Bennison blamed the cultural mores of the time saying that in Upland County morals were collapsing and he found it "incomprehensible." When asked if he had spotted his brother's green Porsche outside the church knowing that Martha was with him, Bennison said he wasn't sure it was his brother's Porsche, but suspected it was. He said he had no reason to believe that anything untoward was going on between them, describing Martha as "wild and "adventurous" although her mother denied that charge saying she was a quiet, scholarly girl who did sewing for the church. Martha described herself as a nerd.

When challenged by attorney Jacobs as to why he had not stood up at his brother's ordination and said there were impediments to his becoming a priest, Bennison again pled that he hoped it would work out and John would stop his immoral behavior. When challenged, he told the court that their father, Charles E. Bennison, Bishop of Western Michigan was the ordaining bishop.

"You remained silent in the face of his (John's) depraved behavior and his conduct continued. You maintained confidentiality, but no one came to you and said anything was in confidence. They gave you information to act on," said Jacobs.

Bennison said he remained silent. "I didn't think it would help any. I viewed it as a private pastoral matter."

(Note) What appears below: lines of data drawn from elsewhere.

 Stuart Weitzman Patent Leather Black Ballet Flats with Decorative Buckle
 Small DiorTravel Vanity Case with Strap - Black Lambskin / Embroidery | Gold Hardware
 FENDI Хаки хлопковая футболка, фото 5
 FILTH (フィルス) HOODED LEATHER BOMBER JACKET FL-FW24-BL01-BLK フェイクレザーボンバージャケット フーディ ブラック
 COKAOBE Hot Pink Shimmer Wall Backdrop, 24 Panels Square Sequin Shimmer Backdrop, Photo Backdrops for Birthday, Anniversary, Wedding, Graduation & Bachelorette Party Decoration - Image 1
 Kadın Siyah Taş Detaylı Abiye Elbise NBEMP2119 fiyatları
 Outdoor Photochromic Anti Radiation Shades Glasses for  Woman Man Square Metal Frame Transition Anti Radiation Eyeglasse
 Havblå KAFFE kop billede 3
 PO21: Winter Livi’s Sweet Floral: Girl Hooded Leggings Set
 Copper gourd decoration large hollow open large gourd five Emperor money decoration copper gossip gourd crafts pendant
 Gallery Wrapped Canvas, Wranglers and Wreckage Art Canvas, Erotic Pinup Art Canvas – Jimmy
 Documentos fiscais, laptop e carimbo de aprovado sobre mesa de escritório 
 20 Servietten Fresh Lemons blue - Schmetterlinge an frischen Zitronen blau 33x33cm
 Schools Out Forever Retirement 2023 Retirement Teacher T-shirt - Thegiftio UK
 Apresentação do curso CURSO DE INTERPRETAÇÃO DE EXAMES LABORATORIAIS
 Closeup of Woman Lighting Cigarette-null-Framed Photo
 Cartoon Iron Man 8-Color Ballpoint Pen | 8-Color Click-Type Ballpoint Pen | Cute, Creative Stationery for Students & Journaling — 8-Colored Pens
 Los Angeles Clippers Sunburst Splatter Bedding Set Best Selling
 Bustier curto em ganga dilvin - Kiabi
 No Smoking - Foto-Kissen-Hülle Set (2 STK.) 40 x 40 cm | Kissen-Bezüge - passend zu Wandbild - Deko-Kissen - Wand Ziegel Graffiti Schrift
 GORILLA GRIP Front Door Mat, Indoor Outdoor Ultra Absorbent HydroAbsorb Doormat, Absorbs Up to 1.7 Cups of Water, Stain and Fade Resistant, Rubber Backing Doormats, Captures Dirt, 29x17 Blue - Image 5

Judge June Freeman asked Bennison if he was familiar with the term "statutory rape". Bennison replied that he was not familiar with the term.

Judge Maria Campbell asked Bennison if he had a duty to John Bennison and Martha Alexis to bring them the sacrament of repentance of forgiveness. Bennison replied that he discerned John knew right from wrong. "If he had sinned, he should confess it and receive contrition and absolution." Bennison also said the church was low church, and that was not part of that church's tradition.

At one point in the proceedings, Pabarue asked the Diocese of Los Angeles for release of documents for the presentment, but they refused to release them.

In his closing argument, Jacobs said that on the two counts of the presentment, first, Bennison failed to protect Martha Alexis. Secondly, even after John Bennison left the church in 1975, that for more than 30 years, Charles Bennison kept it a secret in order not to affect his employment in the church even failing to mention it when he ran for Bishop of Pennsylvania.

"Psychologist Gary Schoener said that even in the 70s you could have stopped it, could have gotten help, informed the parents, told others and dealt with the perpetrator. You failed on all counts," said Jacobs.

Bennison failed, in even the smallest act, to provide pastoral care. He had to know. He did nothing about John's responsibility in the matter. He said he was too busy even as he was teaching pastoral care, said Jacobs.

"The church has ways of protecting itself. The church tries very hard to do this. Bishop Bennison undercut the church's efforts. He did not lift a finger to warn the people in Santa Barbara, that John's behavior was "reprehensible, criminal and sinful. This is about Charles Bennison's conduct."

Jacobs said Charles Bennison had a false sense of solicitude by justifying his conduct. "He used the 'they are different defense' protocol. This case does not implicate any subtleties;, detection was easy with a 'don't tell anyone' defense.

"Bennison has an answer to the Alexus family which is that he is unable to acknowledge his own personal responsibility. He is sorry only in that it happened on his watch. Bennison said he did the right thing. Bishop Richards held that you were responsible for telling the parents and the 'everyone knew it' defense. To invoke this you tried to keep it a secret and did not flesh out the facts. What kind of church do we want? Ordination vows are real. (This case) is about common sense. It is not a complicated case. Charles Bennison never felt guilty. He didn't say 'I'm sorry', he didn't pastor. Bennison put Martha at risk as well as the church and protected only his own reputation."

The court then adjourned. The nine judges have 30 days to render a decision.